=== Begin Enclosure ===

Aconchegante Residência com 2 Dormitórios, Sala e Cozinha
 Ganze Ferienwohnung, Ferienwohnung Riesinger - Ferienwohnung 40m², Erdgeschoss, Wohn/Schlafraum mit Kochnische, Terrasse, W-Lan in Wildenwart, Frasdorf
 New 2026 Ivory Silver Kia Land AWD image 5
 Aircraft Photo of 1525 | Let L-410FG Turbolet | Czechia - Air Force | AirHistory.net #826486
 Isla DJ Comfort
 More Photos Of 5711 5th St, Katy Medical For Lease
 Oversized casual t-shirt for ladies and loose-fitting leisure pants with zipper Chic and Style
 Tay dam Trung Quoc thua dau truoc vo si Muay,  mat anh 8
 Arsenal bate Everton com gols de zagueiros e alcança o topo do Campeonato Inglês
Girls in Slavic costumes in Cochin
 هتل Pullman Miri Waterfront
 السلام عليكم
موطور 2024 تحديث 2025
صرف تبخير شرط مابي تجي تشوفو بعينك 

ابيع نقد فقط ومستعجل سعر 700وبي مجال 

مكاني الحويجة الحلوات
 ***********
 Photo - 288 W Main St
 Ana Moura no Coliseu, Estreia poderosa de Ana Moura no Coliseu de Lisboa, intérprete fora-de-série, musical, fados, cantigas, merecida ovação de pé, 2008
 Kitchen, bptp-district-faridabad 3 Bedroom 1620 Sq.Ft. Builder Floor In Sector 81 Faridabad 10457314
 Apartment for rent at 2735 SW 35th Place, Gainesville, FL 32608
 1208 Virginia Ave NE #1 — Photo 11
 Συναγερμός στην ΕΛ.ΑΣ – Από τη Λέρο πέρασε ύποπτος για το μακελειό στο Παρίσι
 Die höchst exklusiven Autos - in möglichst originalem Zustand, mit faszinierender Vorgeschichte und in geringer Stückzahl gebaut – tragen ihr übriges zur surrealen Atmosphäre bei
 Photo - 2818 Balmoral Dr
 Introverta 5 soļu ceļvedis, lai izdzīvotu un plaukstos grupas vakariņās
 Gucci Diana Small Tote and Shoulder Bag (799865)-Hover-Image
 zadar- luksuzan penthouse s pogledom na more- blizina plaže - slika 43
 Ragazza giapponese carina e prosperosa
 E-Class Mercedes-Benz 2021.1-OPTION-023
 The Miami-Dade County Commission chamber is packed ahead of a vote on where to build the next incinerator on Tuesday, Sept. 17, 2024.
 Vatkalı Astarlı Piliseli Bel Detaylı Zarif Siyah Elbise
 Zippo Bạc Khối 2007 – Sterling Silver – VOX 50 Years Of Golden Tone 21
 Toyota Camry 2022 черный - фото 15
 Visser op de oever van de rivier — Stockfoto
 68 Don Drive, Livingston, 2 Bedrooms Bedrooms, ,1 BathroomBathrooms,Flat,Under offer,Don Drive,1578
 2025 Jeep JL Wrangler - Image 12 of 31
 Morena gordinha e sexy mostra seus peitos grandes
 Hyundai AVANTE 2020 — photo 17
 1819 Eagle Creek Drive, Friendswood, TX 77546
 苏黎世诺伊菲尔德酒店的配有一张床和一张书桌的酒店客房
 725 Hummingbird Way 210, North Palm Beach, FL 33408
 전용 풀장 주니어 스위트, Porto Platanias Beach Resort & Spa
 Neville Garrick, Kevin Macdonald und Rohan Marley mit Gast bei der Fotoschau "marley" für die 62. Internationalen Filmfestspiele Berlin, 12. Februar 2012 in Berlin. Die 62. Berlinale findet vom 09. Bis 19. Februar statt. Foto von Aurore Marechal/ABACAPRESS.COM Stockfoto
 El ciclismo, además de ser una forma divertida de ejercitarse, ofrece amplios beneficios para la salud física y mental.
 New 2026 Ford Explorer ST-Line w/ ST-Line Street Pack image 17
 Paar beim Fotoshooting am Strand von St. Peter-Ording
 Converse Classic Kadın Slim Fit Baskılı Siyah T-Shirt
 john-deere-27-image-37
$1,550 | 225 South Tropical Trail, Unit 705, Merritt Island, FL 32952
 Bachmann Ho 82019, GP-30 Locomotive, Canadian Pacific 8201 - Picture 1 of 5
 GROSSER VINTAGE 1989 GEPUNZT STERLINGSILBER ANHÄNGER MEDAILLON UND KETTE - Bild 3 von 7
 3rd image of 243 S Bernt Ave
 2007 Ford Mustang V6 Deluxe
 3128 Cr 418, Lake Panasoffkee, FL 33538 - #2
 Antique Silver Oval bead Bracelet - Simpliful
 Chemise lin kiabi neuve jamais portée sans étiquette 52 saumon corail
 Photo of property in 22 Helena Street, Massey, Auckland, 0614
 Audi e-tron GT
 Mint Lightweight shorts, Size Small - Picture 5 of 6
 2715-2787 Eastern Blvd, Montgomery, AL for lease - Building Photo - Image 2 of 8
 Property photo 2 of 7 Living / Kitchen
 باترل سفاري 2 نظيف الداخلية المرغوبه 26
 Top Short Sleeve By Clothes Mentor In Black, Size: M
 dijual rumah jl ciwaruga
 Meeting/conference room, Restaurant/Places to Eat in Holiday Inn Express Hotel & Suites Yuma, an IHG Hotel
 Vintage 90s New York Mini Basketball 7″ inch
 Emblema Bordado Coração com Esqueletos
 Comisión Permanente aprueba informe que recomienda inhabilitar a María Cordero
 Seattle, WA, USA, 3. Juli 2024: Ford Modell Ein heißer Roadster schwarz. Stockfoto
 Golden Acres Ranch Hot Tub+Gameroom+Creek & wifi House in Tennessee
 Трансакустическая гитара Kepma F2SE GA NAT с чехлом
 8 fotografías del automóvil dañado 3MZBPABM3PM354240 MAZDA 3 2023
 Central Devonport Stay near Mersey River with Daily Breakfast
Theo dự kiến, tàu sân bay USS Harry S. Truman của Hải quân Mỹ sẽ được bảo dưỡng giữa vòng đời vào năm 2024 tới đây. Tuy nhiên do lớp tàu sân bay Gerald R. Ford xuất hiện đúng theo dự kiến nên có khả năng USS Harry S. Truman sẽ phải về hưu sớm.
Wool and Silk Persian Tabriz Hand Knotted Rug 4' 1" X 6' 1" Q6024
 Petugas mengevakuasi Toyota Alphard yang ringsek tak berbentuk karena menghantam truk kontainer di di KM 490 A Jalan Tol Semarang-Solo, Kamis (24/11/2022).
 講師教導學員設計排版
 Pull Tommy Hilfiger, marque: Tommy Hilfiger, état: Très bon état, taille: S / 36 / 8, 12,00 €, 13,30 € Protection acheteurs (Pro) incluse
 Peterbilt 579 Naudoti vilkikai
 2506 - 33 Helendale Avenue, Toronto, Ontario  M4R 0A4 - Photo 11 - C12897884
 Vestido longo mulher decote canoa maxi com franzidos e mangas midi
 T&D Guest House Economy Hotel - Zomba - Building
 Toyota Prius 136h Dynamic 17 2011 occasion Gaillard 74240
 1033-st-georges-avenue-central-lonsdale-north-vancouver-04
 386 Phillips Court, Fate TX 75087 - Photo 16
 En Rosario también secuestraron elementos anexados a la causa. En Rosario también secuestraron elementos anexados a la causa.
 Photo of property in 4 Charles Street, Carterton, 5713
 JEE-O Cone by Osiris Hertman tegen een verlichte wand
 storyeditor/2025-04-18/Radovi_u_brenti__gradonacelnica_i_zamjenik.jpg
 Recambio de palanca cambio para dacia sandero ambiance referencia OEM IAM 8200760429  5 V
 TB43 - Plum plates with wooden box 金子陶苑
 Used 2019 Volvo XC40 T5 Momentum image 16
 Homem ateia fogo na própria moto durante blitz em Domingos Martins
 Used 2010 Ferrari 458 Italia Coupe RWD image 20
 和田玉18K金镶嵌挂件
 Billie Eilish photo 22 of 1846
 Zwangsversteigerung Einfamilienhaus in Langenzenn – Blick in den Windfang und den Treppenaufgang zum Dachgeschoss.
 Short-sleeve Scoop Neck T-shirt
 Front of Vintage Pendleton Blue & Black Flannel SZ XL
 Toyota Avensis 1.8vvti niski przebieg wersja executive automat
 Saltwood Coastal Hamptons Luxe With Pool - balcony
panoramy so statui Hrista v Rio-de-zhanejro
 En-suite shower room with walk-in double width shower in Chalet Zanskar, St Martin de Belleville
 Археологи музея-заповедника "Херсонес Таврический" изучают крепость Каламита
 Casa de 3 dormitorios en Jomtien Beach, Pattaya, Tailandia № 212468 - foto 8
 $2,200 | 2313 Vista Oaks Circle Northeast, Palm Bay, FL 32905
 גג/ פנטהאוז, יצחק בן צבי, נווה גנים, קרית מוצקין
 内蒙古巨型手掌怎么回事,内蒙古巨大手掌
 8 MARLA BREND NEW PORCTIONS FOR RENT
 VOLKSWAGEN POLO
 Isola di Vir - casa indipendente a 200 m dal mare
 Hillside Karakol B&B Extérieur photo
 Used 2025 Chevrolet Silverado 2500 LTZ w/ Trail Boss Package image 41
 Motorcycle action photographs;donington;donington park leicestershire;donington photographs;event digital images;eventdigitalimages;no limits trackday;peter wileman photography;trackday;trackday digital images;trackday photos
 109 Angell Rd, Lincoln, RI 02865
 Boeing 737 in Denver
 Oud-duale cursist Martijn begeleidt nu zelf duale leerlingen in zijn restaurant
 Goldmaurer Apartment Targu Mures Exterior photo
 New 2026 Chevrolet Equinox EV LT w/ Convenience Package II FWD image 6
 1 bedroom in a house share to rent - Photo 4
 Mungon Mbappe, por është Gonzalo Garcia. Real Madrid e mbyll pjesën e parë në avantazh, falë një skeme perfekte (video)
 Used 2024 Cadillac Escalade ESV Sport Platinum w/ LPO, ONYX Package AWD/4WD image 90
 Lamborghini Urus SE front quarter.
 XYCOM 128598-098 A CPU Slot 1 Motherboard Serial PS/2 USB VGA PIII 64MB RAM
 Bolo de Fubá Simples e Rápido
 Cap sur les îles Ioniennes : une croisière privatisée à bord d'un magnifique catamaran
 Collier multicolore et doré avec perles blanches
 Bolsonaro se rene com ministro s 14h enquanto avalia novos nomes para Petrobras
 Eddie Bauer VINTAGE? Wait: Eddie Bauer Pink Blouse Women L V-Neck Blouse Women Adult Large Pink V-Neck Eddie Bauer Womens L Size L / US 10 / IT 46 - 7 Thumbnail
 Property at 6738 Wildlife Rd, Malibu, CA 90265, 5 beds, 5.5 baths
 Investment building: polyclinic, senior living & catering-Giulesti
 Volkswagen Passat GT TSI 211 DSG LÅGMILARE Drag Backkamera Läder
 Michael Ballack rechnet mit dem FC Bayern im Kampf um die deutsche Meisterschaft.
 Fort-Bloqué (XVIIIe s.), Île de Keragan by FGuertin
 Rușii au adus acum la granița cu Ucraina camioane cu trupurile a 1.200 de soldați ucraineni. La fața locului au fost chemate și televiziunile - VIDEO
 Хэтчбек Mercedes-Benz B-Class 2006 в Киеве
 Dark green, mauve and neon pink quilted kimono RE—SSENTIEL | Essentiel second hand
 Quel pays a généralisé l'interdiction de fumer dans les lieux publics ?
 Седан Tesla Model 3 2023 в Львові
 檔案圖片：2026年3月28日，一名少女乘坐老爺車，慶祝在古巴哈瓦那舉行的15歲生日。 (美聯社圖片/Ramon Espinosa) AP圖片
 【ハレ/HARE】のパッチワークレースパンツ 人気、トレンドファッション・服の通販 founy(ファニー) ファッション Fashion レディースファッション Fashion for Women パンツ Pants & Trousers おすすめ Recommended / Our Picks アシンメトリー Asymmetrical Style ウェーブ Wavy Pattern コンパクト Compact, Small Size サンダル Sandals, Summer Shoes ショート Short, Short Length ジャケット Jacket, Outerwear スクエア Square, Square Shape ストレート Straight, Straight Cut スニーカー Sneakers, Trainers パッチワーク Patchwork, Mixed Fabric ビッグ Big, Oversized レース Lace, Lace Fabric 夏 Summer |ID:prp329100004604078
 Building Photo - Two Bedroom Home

=== End Enclosure ===

• _How to complete this task_
Above are the records. Copy the lines beginning at the one that has "1208 Virginia Ave NE #1 — Photo 11" and ending with the one that has "Photo - 2818 Balmoral Dr", unchanged.

• _Response area_
 1208 Virginia Ave NE #1 — Photo 11
 Συναγερμός στην ΕΛ.ΑΣ – Από τη Λέρο πέρασε ύποπτος για το μακελειό στο Παρίσι
 Die höchst exklusiven Autos - in möglichst originalem Zustand, mit faszinierender Vorgeschichte und in geringer Stückzahl gebaut – tragen ihr übriges zur surrealen Atmosphäre bei
 Photo - 2818 Balmoral Dr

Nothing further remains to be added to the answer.